[Records excerpted from a collection]
↓↓↓

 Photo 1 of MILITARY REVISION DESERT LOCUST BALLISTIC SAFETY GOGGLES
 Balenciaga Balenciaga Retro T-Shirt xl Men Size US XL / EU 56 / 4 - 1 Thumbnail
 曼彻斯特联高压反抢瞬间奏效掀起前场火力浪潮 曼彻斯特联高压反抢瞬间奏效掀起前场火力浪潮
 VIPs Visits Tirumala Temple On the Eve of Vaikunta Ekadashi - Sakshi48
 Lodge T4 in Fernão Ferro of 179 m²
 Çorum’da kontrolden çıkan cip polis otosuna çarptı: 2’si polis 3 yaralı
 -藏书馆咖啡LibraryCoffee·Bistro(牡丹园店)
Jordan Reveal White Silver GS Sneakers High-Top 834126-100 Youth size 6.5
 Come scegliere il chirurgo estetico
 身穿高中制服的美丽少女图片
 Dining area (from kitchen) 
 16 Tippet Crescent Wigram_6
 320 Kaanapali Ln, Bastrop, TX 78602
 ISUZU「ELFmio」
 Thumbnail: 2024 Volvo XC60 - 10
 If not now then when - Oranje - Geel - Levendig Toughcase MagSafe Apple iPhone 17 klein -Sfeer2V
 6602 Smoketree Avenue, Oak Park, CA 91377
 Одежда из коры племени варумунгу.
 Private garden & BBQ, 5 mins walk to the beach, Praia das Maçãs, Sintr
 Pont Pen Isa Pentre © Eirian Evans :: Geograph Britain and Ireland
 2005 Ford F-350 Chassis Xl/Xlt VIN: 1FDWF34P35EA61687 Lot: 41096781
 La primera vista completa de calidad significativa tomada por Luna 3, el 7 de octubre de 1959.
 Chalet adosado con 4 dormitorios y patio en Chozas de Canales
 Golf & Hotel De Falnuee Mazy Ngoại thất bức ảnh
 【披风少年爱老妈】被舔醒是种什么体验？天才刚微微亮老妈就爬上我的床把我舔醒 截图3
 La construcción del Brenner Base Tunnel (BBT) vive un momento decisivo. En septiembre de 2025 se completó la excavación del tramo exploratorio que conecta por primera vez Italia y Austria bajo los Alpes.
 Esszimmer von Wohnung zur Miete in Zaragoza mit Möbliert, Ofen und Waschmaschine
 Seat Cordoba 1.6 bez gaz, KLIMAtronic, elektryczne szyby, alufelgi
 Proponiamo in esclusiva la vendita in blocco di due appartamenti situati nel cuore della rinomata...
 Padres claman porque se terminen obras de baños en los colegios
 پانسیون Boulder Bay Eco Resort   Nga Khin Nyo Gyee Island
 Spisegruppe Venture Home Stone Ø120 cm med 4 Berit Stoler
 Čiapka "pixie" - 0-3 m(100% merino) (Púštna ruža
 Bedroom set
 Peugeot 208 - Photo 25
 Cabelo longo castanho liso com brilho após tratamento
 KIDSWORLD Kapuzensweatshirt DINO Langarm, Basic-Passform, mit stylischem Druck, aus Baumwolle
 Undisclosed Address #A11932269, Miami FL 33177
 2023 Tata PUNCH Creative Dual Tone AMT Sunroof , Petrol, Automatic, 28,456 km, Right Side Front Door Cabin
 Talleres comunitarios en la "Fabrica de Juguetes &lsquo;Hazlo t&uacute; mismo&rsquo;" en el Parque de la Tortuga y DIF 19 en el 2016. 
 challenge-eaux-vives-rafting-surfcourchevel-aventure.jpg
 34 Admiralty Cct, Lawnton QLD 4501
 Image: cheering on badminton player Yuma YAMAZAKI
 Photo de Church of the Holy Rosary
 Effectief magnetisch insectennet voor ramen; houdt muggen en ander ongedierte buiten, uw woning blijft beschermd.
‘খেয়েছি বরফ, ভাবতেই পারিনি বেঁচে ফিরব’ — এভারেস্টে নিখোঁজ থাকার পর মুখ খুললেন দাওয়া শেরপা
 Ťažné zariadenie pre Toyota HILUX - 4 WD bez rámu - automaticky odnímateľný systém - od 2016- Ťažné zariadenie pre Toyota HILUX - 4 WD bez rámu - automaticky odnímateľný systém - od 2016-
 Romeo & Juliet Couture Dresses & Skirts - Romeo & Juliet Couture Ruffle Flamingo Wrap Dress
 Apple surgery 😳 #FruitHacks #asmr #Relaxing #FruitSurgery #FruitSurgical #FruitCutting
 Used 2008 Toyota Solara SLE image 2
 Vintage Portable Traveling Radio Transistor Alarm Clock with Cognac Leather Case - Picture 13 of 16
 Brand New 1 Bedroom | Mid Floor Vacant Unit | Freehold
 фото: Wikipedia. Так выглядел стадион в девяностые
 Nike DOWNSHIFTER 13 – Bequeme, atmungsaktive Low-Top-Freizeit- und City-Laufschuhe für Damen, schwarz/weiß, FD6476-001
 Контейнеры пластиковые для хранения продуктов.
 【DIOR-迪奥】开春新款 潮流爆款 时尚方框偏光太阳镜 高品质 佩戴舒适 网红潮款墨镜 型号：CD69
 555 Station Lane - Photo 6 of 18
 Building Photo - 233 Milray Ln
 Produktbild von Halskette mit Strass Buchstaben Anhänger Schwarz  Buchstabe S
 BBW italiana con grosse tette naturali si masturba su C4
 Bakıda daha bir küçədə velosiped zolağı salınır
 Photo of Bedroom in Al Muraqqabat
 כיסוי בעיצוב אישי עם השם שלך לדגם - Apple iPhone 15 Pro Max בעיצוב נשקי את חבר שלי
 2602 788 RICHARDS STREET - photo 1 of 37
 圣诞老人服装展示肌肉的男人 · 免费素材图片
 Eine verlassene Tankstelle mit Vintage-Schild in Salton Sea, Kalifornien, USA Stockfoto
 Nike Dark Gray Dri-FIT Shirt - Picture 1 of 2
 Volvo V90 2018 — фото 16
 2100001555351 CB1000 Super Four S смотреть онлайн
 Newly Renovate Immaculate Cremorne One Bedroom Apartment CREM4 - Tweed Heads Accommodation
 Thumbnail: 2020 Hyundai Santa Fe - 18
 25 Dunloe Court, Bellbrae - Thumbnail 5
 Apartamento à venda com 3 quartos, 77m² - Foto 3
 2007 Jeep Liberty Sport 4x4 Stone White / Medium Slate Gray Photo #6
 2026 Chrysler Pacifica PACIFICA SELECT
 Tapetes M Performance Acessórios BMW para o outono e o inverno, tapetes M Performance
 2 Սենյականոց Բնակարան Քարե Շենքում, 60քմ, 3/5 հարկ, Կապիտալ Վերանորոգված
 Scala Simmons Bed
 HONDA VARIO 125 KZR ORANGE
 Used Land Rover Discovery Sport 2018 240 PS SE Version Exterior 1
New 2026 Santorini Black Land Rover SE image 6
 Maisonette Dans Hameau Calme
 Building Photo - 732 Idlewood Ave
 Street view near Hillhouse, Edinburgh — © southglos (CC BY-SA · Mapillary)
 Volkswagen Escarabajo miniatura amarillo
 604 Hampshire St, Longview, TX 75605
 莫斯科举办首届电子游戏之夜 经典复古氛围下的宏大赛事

↑↑↑

> **EXERCISE GOAL**: Every line of data must be returned unchanged.

> **ANSWER SPACE**:
 Photo 1 of MILITARY REVISION DESERT LOCUST BALLISTIC SAFETY GOGGLES
 Balenciaga Balenciaga Retro T-Shirt xl Men Size US XL / EU 56 / 4 - 1 Thumbnail
 曼彻斯特联高压反抢瞬间奏效掀起前场火力浪潮 曼彻斯特联高压反抢瞬间奏效掀起前场火力浪潮
 VIPs Visits Tirumala Temple On the Eve of Vaikunta Ekadashi - Sakshi48
 Lodge T4 in Fernão Ferro of 179 m²
 Çorum’da kontrolden çıkan cip polis otosuna çarptı: 2’si polis 3 yaralı
 -藏书馆咖啡LibraryCoffee·Bistro(牡丹园店)
Jordan Reveal White Silver GS Sneakers High-Top 834126-100 Youth size 6.5
 Come scegliere il chirurgo estetico
 身穿高中制服的美丽少女图片
 Dining area (from kitchen) 
 16 Tippet Crescent Wigram_6
 320 Kaanapali Ln, Bastrop, TX 78602
 ISUZU「ELFmio」
 Thumbnail: 2024 Volvo XC60 - 10
 If not now then when - Oranje - Geel - Levendig Toughcase MagSafe Apple iPhone 17 klein -Sfeer2V
 6602 Smoketree Avenue, Oak Park, CA 91377
 Одежда из коры племени варумунгу.
 Private garden & BBQ, 5 mins walk to the beach, Praia das Maçãs, Sintr
 Pont Pen Isa Pentre © Eirian Evans :: Geograph Britain and Ireland
 2005 Ford F-350 Chassis Xl/Xlt VIN: 1FDWF34P35EA61687 Lot: 41096781
 La primera vista completa de calidad significativa tomada por Luna 3, el 7 de octubre de 1959.
 Chalet adosado con 4 dormitorios y patio en Chozas de Canales
 Golf & Hotel De Falnuee Mazy Ngoại thất bức ảnh
 【披风少年爱老妈】被舔醒是种什么体验？天才刚微微亮老妈就爬上我的床把我舔醒 截图3
 La construcción del Brenner Base Tunnel (BBT) vive un momento decisivo. En septiembre de 2025 se completó la excavación del tramo exploratorio que conecta por primera vez Italia y Austria bajo los Alpes.
 Esszimmer von Wohnung zur Miete in Zaragoza mit Möbliert, Ofen und Waschmaschine
 Seat Cordoba 1.6 bez gaz, KLIMAtronic, elektryczne szyby, alufelgi
 Proponiamo in esclusiva la vendita in blocco di due appartamenti situati nel cuore della rinomata...
 Padres claman porque se terminen obras de baños en los colegios
 پانسیون Boulder Bay Eco Resort   Nga Khin Nyo Gyee Island
 Spisegruppe Venture Home Stone Ø120 cm med 4 Berit Stoler
 Čiapka "pixie" - 0-3 m(100% merino) (Púštna ruža
 Bedroom set
 Peugeot 208 - Photo 25
 Cabelo longo castanho liso com brilho após tratamento
 KIDSWORLD Kapuzensweatshirt DINO Langarm, Basic-Passform, mit stylischem Druck, aus Baumwolle
 Undisclosed Address #A11932269, Miami FL 33177
 2023 Tata PUNCH Creative Dual Tone AMT Sunroof , Petrol, Automatic, 28,456 km, Right Side Front Door Cabin
 Talleres comunitarios en la "Fabrica de Juguetes &lsquo;Hazlo t&uacute; mismo&rsquo;" en el Parque de la Tortuga y DIF 19 en el 2016. 
 challenge-eaux-vives-rafting-surfcourchevel-aventure.jpg
 34 Admiralty Cct, Lawnton QLD 4501
 Image: cheering on badminton player Yuma YAMAZAKI
 Photo de Church of the Holy Rosary
 Effectief magnetisch insectennet voor ramen; houdt muggen en ander ongedierte buiten, uw woning blijft beschermd.
‘খেয়েছি বরফ, ভাবতেই পারিনি বেঁচে ফিরব’ — এভারেস্টে নিখোঁজ থাকার পর মুখ খুললেন দাওয়া শেরপা
 Ťažné zariadenie pre Toyota HILUX - 4 WD bez rámu - automaticky odnímateľný systém - od 2016- Ťažné zariadenie pre Toyota HILUX - 4 WD bez rámu - automaticky odnímateľný systém - od 2016-
 Romeo & Juliet Couture Dresses & Skirts - Romeo & Juliet Couture Ruffle Flamingo Wrap Dress
 Apple surgery 😳 #FruitHacks #asmr #Relaxing #FruitSurgery #FruitSurgical #FruitCutting
 Used 2008 Toyota Solara SLE image 2
 Vintage Portable Traveling Radio Transistor Alarm Clock with Cognac Leather Case - Picture 13 of 16
 Brand New 1 Bedroom | Mid Floor Vacant Unit | Freehold
 фото: Wikipedia. Так выглядел стадион в девяностые
 Nike DOWNSHIFTER 13 – Bequeme, atmungsaktive Low-Top-Freizeit- und City-Laufschuhe für Damen, schwarz/weiß, FD6476-001
 Контейнеры пластиковые для хранения продуктов.
 【DIOR-迪奥】开春新款 潮流爆款 时尚方框偏光太阳镜 高品质 佩戴舒适 网红潮款墨镜 型号：CD69
 555 Station Lane - Photo 6 of 18
 Building Photo - 233 Milray Ln
 Produktbild von Halskette mit Strass Buchstaben Anhänger Schwarz  Buchstabe S
 BBW italiana con grosse tette naturali si masturba su C4
 Bakıda daha bir küçədə velosiped zolağı salınır
 Photo of Bedroom in Al Muraqqabat
 כיסוי בעיצוב אישי עם השם שלך לדגם - Apple iPhone 15 Pro Max בעיצוב נשקי את חבר שלי
 2602 788 RICHARDS STREET - photo 1 of 37
 圣诞老人服装展示肌肉的男人 · 免费素材图片
 Eine verlassene Tankstelle mit Vintage-Schild in Salton Sea, Kalifornien, USA Stockfoto
 Nike Dark Gray Dri-FIT Shirt - Picture 1 of 2
 Volvo V90 2018 — фото 16
 2100001555351 CB1000 Super Four S смотреть онлайн
 Newly Renovate Immaculate Cremorne One Bedroom Apartment CREM4 - Tweed Heads Accommodation
 Thumbnail: 2020 Hyundai Santa Fe - 18
 25 Dunloe Court, Bellbrae - Thumbnail 5
 Apartamento à venda com 3 quartos, 77m² - Foto 3
 2007 Jeep Liberty Sport 4x4 Stone White / Medium Slate Gray Photo #6
 2026 Chrysler Pacifica PACIFICA SELECT
 Tapetes M Performance Acessórios BMW para o outono e o inverno, tapetes M Performance
 2 Սենյականոց Բնակարան Քարե Շենքում, 60քմ, 3/5 հարկ, Կապիտալ Վերանորոգված
 Scala Simmons Bed
 HONDA VARIO 125 KZR ORANGE
 Used Land Rover Discovery Sport 2018 240 PS SE Version Exterior 1
New 2026 Santorini Black Land Rover SE image 6
 Maisonette Dans Hameau Calme
 Building Photo - 732 Idlewood Ave
 Street view near Hillhouse, Edinburgh — © southglos (CC BY-SA · Mapillary)
 Volkswagen Escarabajo miniatura amarillo
 604 Hampshire St, Longview, TX 75605
 莫斯科举办首届电子游戏之夜 经典复古氛围下的宏大赛事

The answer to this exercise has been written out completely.